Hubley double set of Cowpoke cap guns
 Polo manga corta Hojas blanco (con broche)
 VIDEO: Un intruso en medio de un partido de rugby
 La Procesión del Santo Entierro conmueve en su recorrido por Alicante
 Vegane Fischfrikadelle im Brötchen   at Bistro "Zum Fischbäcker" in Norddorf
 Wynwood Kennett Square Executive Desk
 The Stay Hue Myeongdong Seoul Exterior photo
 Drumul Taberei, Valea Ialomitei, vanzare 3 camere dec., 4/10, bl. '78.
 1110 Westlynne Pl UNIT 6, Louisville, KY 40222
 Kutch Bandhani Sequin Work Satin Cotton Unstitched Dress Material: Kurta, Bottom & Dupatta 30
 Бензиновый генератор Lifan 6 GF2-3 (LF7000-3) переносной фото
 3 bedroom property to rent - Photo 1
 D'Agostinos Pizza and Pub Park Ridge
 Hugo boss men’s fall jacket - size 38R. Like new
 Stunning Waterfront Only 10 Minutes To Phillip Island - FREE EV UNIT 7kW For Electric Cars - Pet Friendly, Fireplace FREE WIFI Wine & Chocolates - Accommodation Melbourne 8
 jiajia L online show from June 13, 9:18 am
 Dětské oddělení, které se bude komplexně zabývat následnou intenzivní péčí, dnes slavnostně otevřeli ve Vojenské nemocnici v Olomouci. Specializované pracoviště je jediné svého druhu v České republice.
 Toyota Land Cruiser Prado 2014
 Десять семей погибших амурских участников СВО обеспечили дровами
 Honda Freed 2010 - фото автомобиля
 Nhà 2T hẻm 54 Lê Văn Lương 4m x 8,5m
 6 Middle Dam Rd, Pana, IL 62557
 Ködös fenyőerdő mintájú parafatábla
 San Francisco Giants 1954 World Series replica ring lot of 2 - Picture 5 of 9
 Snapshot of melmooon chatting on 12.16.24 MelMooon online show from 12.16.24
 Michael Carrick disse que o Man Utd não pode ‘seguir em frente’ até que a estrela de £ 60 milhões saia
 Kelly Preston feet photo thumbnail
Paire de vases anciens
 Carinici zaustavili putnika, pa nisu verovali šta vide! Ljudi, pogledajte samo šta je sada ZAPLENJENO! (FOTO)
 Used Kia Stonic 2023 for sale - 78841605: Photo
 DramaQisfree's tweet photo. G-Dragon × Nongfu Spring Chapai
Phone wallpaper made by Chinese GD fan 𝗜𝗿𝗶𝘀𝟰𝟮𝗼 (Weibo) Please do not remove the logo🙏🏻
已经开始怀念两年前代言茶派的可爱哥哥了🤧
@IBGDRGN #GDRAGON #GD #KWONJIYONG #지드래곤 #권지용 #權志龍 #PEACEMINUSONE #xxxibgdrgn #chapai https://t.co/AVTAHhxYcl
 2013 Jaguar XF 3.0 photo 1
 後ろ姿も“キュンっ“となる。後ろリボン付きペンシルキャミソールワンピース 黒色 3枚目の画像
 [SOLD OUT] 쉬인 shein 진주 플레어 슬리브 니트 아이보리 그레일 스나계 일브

§

**DESCRIPTION OF THE TASK**
Exactly reproduce the line containing "Toyota Land Cruiser Prado 2014" and all lines after it in the material, stopping only at the end.

**TASK RESPONSE**
 Toyota Land Cruiser Prado 2014
 Десять семей погибших амурских участников СВО обеспечили дровами
 Honda Freed 2010 - фото автомобиля
 Nhà 2T hẻm 54 Lê Văn Lương 4m x 8,5m
 6 Middle Dam Rd, Pana, IL 62557
 Ködös fenyőerdő mintájú parafatábla
 San Francisco Giants 1954 World Series replica ring lot of 2 - Picture 5 of 9
 Snapshot of melmooon chatting on 12.16.24 MelMooon online show from 12.16.24
 Michael Carrick disse que o Man Utd não pode ‘seguir em frente’ até que a estrela de £ 60 milhões saia
 Kelly Preston feet photo thumbnail
Paire de vases anciens
 Carinici zaustavili putnika, pa nisu verovali šta vide! Ljudi, pogledajte samo šta je sada ZAPLENJENO! (FOTO)
 Used Kia Stonic 2023 for sale - 78841605: Photo
 DramaQisfree's tweet photo. G-Dragon × Nongfu Spring Chapai
Phone wallpaper made by Chinese GD fan 𝗜𝗿𝗶𝘀𝟰𝟮𝗼 (Weibo) Please do not remove the logo🙏🏻
已经开始怀念两年前代言茶派的可爱哥哥了🤧
@IBGDRGN #GDRAGON #GD #KWONJIYONG #지드래곤 #권지용 #權志龍 #PEACEMINUSONE #xxxibgdrgn #chapai https://t.co/AVTAHhxYcl
 2013 Jaguar XF 3.0 photo 1
 後ろ姿も“キュンっ“となる。後ろリボン付きペンシルキャミソールワンピース 黒色 3枚目の画像
 [SOLD OUT] 쉬인 shein 진주 플레어 슬리브 니트 아이보리 그레일 스나계 일브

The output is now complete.